Task instructions:
In the entries below, find the line with "TANTO EL TEÓRICO" and the line with "FELICIDADES.". Reproduce those two lines and every line between them exactly, and nothing more.

━━━ Material provided

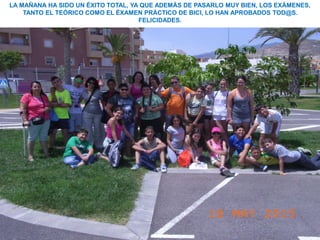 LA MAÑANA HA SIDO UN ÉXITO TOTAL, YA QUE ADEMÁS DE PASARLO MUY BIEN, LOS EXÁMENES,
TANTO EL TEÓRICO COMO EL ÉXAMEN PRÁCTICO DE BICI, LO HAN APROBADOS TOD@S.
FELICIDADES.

━━━━━━
━━━ Material provided

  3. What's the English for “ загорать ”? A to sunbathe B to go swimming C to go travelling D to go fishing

━━━━━━

Solution for this task:
TANTO EL TEÓRICO COMO EL ÉXAMEN PRÁCTICO DE BICI, LO HAN APROBADOS TOD@S.
FELICIDADES.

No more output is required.